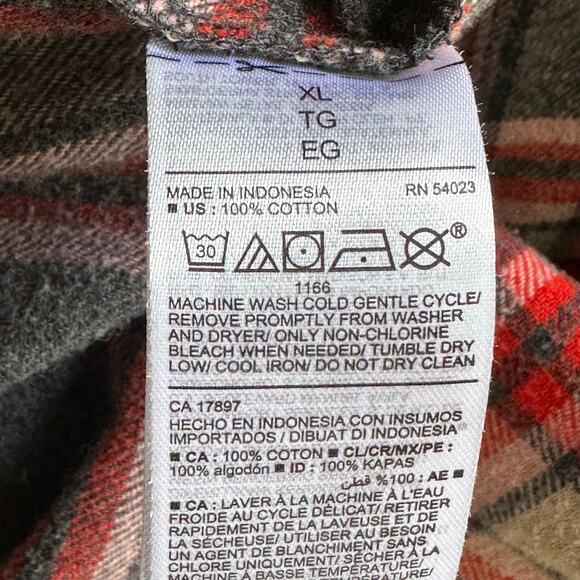 Old Navy Oversized Plaid Flannel Boyfriend Shirt in Burgundy Heather - Picture 7 of 7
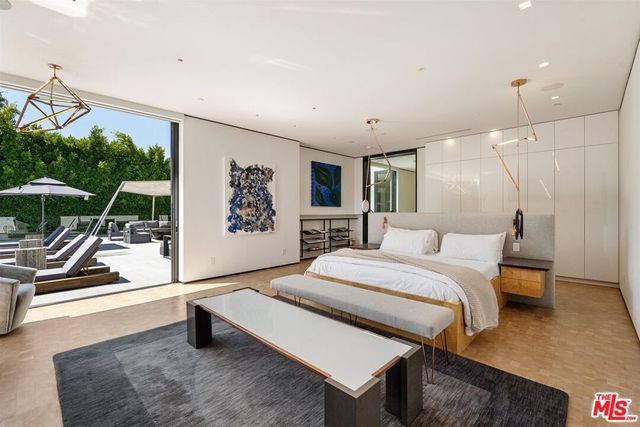 809 N Rexford Drive, Beverly Hills, CA 90210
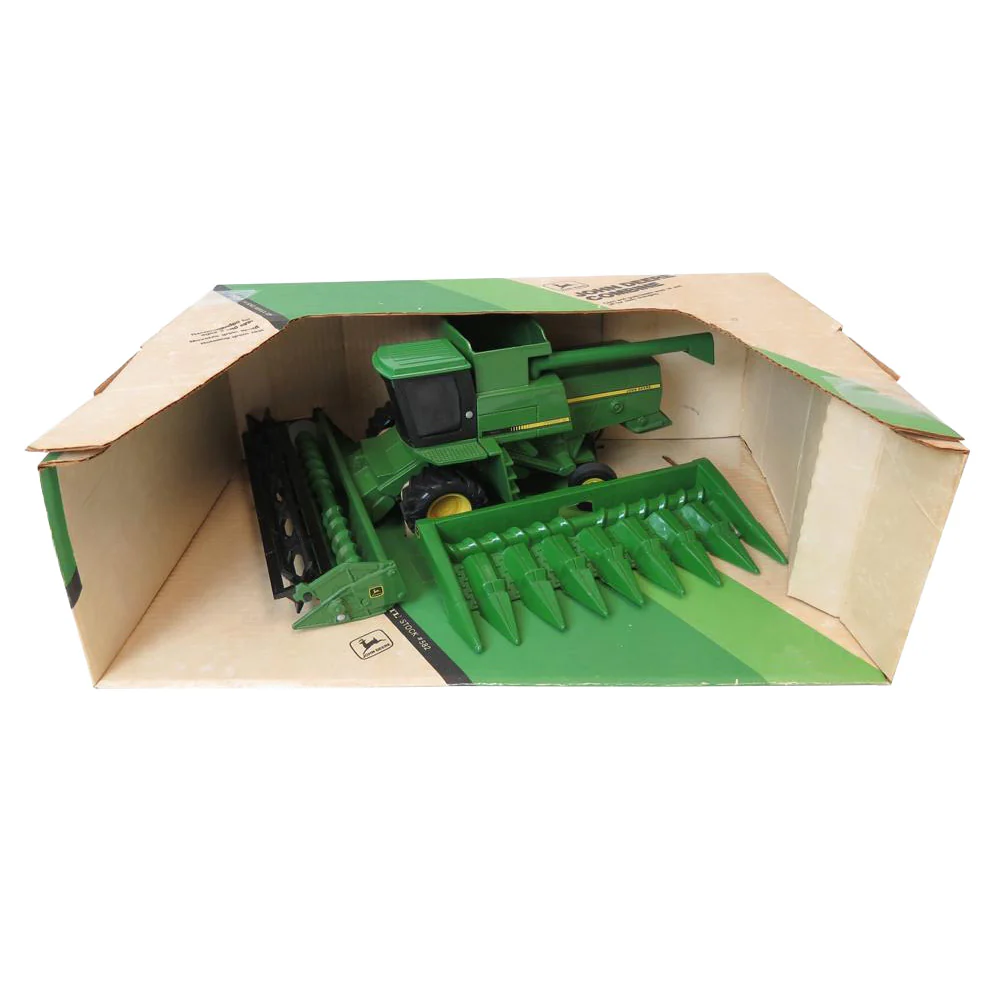 1/28 John Deere Titan II Combine with Corn and Grain Headers by ERTL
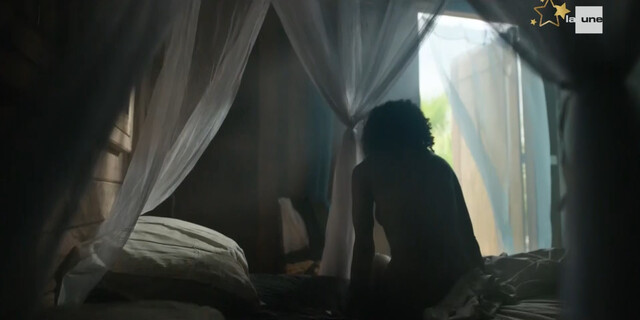 Aude Legastelois nude – Meurtre a Saint Martin (2025)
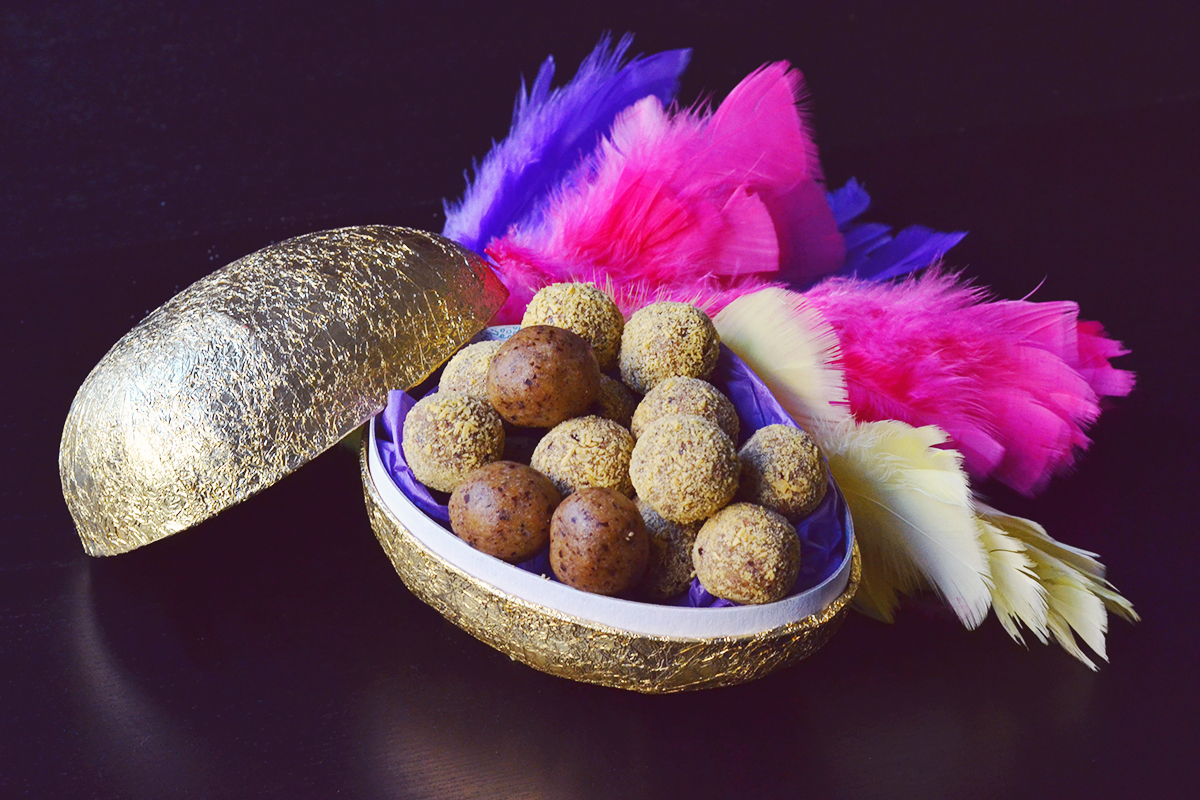 Healthy Easter - Tropical Raw Bliss Balls | http://BananaBloom.com #blissballs #vegan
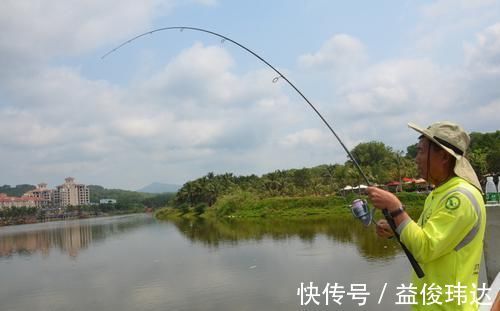 尼龙线|蚯蚓钓鱼的三种挂钩方法,针对不同鱼情你真的用对了吗?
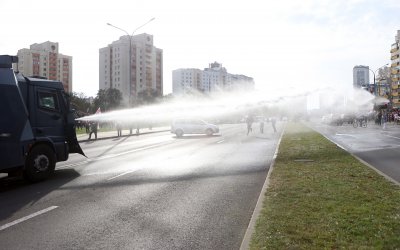 Десетки арестувани на протеста в Минск, полицията използва шокови гранати и водни струи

◇ ◇ ◇ ◇ ◇ ◇ ◇

None of the pictures should be reproduced; all other material above must be set down exactly.

- **Answer to this problem**
 Old Navy Oversized Plaid Flannel Boyfriend Shirt in Burgundy Heather - Picture 7 of 7
 809 N Rexford Drive, Beverly Hills, CA 90210
 1/28 John Deere Titan II Combine with Corn and Grain Headers by ERTL
 Aude Legastelois nude – Meurtre a Saint Martin (2025)
 Healthy Easter - Tropical Raw Bliss Balls | http://BananaBloom.com #blissballs #vegan
 尼龙线|蚯蚓钓鱼的三种挂钩方法,针对不同鱼情你真的用对了吗?
 Десетки арестувани на протеста в Минск, полицията използва шокови гранати и водни струи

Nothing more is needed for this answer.